The shader also adds low-frequency anisotropy noise. That means one patch of fog may forward-scatter a little more than another. The amount stays small because Henyey-Greenstein gets twitchy near the forward direction. Push it too hard and bright lights start banding.

Additional lights use URP attenuation and shadow helpers. Each light contribution gets clamped before it enters the volume. That is mostly for temporal stability. A point or spot light can spike hard near its source, and one hot froxel can smear through history for several frames.

Dense fog needs more than direct single scattering.
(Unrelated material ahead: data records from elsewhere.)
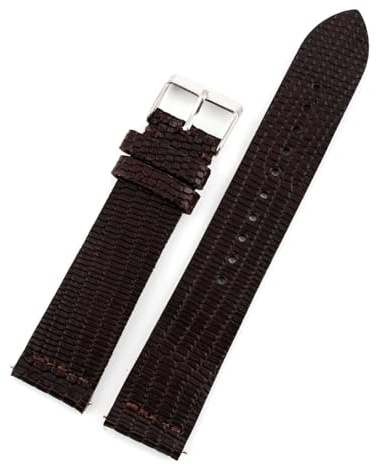 WTNZBAEM Uhrenarmband aus Leder mit Eidechsenmuster, 18 mm, 19 mm, 20 mm, 22 mm, for Herren und Damen, Bettelarmband, Schwarz, Kaffeebraun(Coffee,19mm)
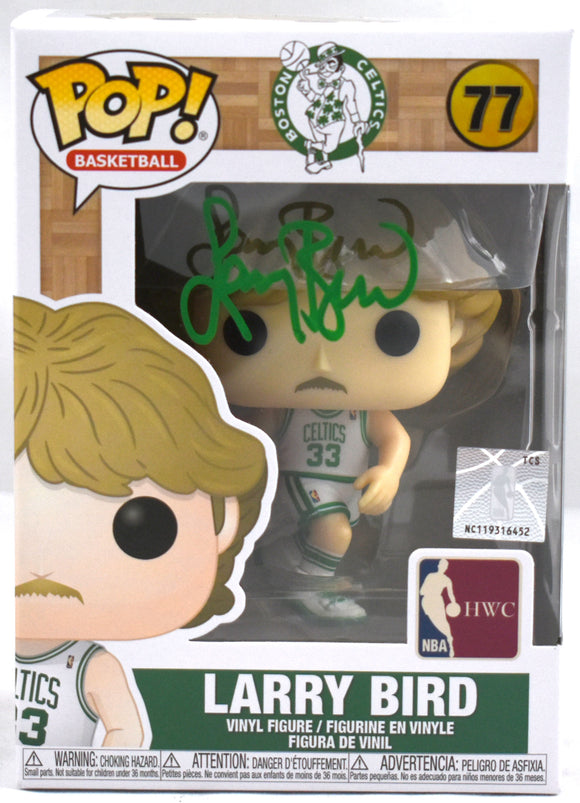 Larry Bird Autographed Boston Celtics Funko Pop #77 - Beckett W Hologram *Green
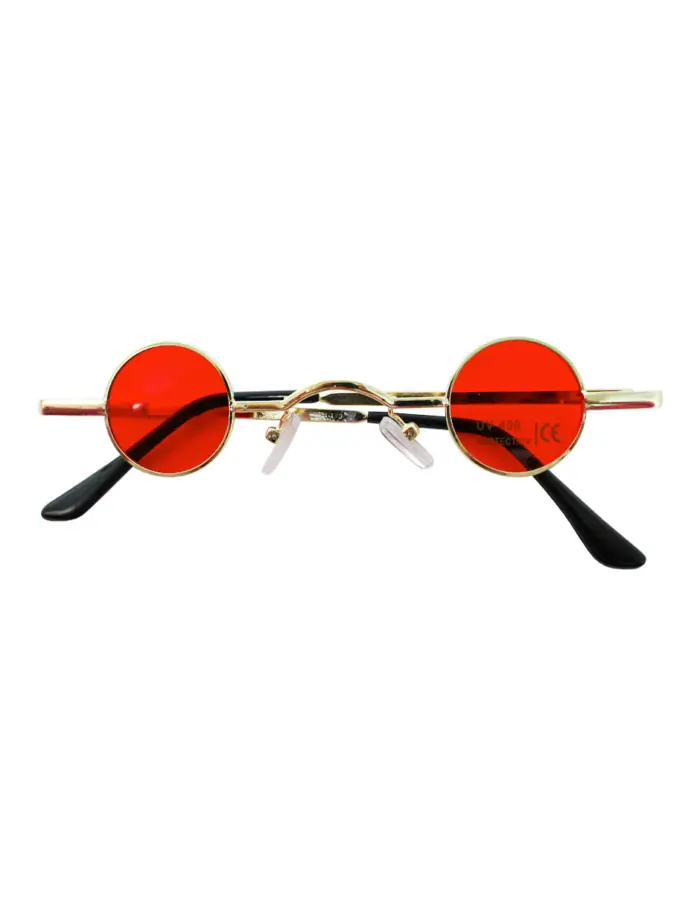 Lentes para sol con cristales redondos rojo con dorado de 13.5x14.5x2.8cm - Image 2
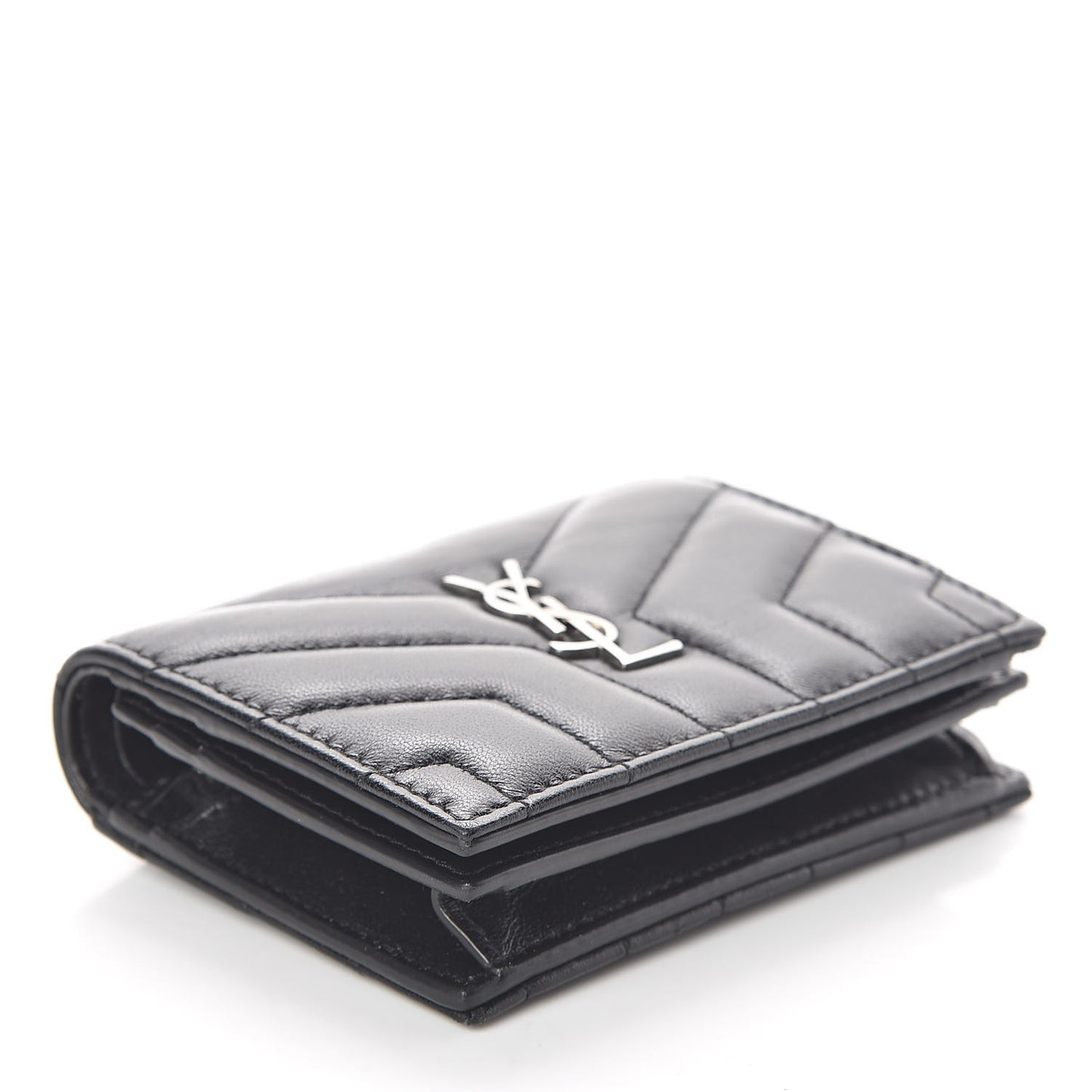 Lambskin Y Quilted Monogram Loulou Flap Wallet Black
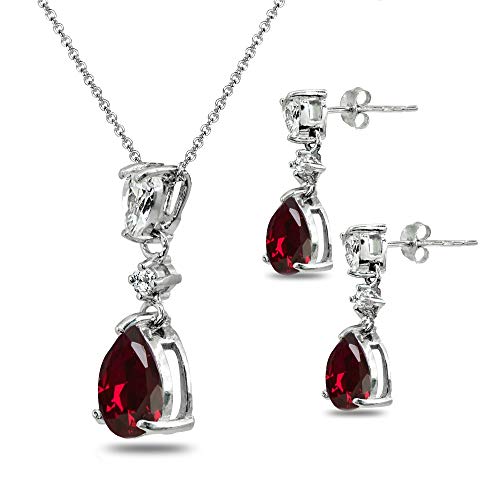B. Brilliant Sterling Silver Synthetic Ruby & White Topaz Pear-Cut Teardrop Dangling Stud Earrings & Necklace Set #TOP4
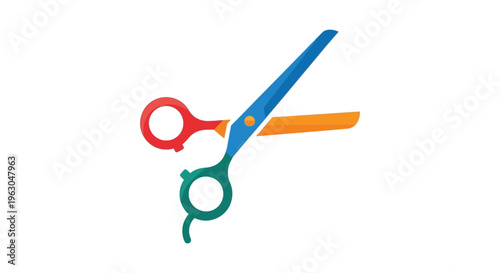 Multicolor scissors in playful mood with vibrant colors in sharp focus for office supplies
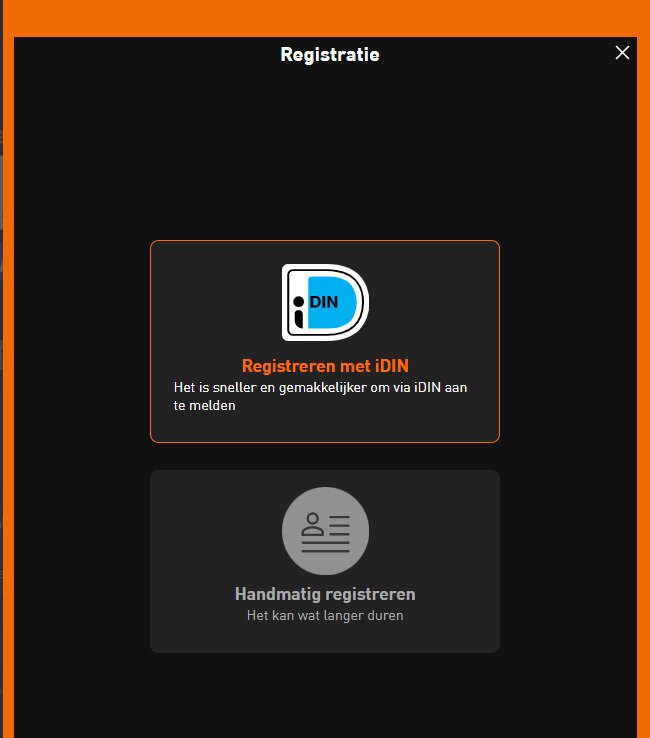 Registreer je Livescore Bet account via iDin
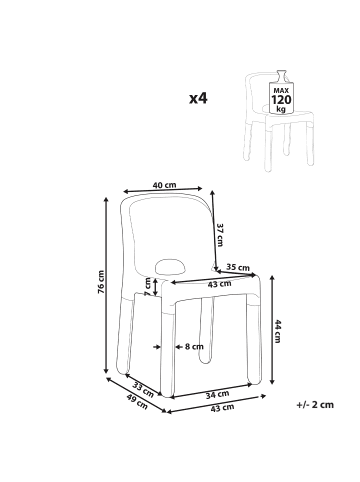 Beliani 4er-Set Esszimmerstuhl BETIM in Grün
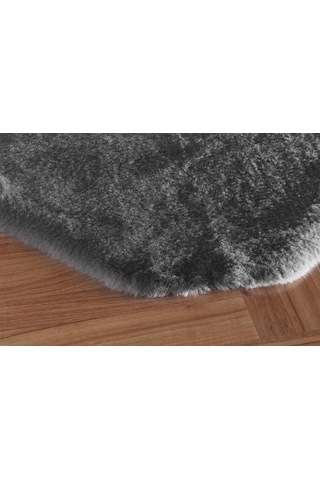 Jassrug Tavşan Tüyü Kürk Post Halı 100x140 Antrasit Antrasit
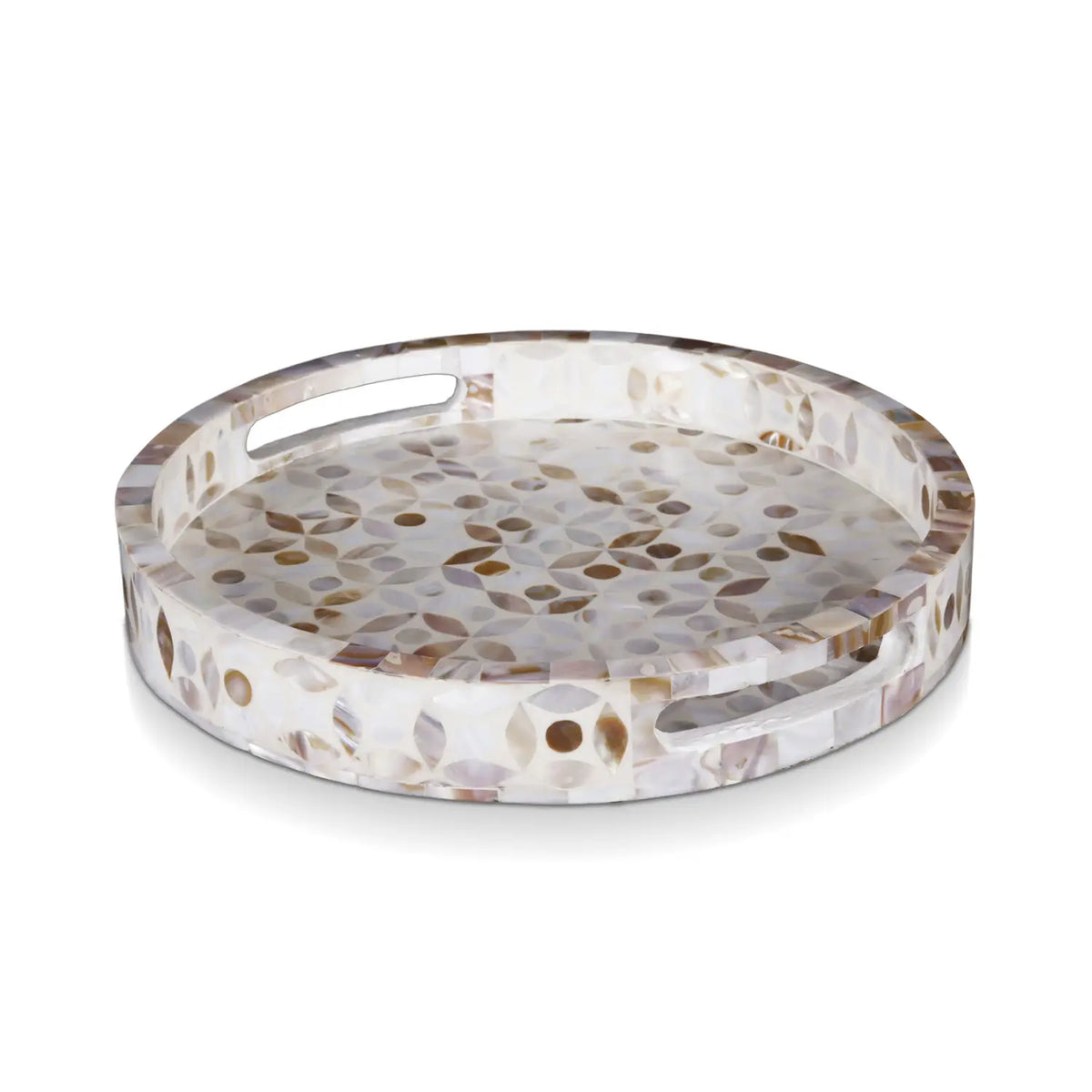 Decorative Tray Discovery Jewel Petit Pattern Mother of Pearl & Resin Inlay Collection in 2 Sizes
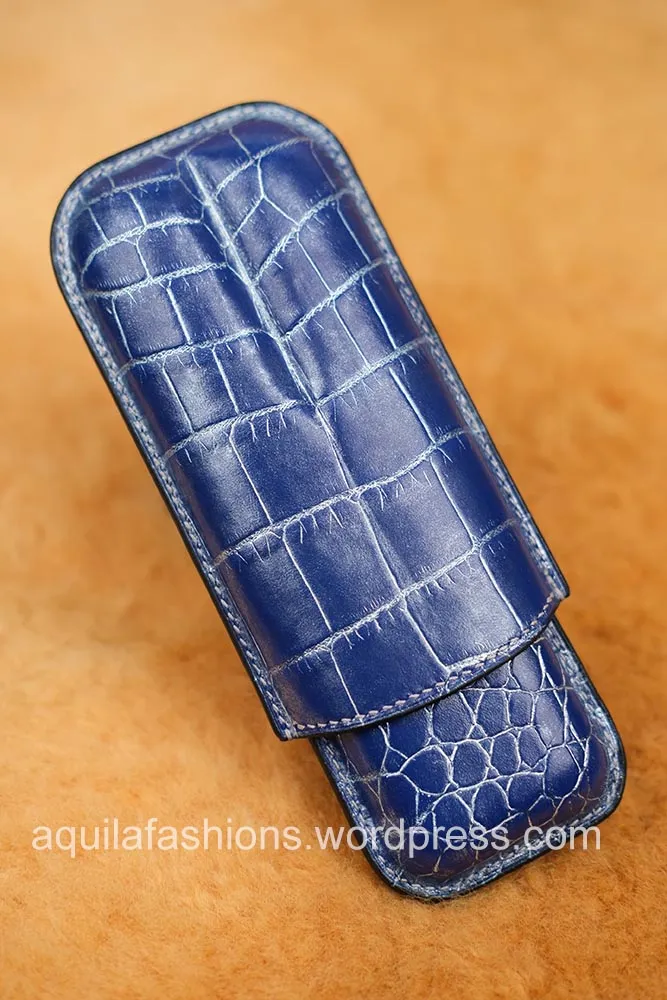 Aquila blue silver rub off crocodile leather cigar case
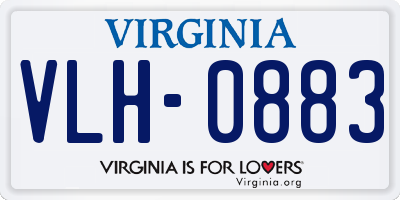 VA license plate VLH0883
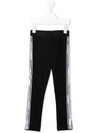 Lanvin Enfant Logo Print Side Panel Leggings In Black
Extra bounce energy fills shadows and keeps the volume from going dull.

This renderer uses an octave approximation inspired by production volumetric renderers. The first octave is direct single scattering. Later octaves broaden the phase lobe, soften shadowing, and reduce intensity. It is a cheap approximation, but it gives thick fog a better body around strong lights.

The froxel grid runs below screen resolution. Without jitter and history, it looks like a low-res volume. Each froxel samples a jittered point inside its cell. If a spatio-temporal blue noise texture is assigned, the renderer uses it. If the texture is missing, it falls back to Interleaved Gradient Noise extended into three dimensions.

The temporal pass reprojects the current froxel center into the previous frame with the previous view-projection matrix. If that point lands inside the old volume, the shader manually trilinear samples history and blends:

float3 blended = lerp(history.rgb, current.rgb, temporalBlend);

History is stored per camera and ping-ponged between two 3D render textures. Unity can render Game View and Scene View in the same editor session, so sharing one fog history would produce garbage as soon as the editor camera moves.

After temporal reprojection, the renderer can run a 3 x 3 x 3 Gaussian-style filter over the scattering volume. It filters RGB only. Extinction passes through unchanged.

That split is important. Extinction controls how much light survives through the medium. If you blur it, you blur depth and absorption. Filtering only the in-scattered radiance smooths local light aliasing while keeping the density profile intact.

The filter runs after reprojection, but history is stored before the filter. That keeps the blur from stacking up frame after frame.

Once each froxel has scattering and extinction, the integrate pass marches through Z for every screen-space XY cell.

For each slice, it computes:

opticalDepth = extinction * sliceThickness
sliceTransmittance = exp(-opticalDepth)
sliceScatter = scatter * (1 - sliceTransmittance) / extinction

The integrated volume stores accumulated radiance in RGB and remaining transmittance in alpha:

integratedVolume.rgb = accumulated in-scattered radiance
integratedVolume.a   = remaining transmittance

After that, compositing is simple. Screen UV plus scene depth gives the lookup into the integrated volume.

The composite shader samples camera depth, converts it to a froxel Z coordinate, reads the integrated volume, and applies:

finalColor = sceneColor * transmittance + accumulatedScatter;

Near pixels pass through unchanged. Pixels inside the froxel range sample the integrated volume directly.

Pixels beyond the froxel far distance get an analytical extension. Terrain pixels estimate the extinction rate from the integrated transmittance and carry it to the actual scene depth. Sky pixels integrate the exponential height fog toward the horizon.

This is the kind of small fix that prevents a very obvious artifact: the fog volume ending at a camera-locked plane.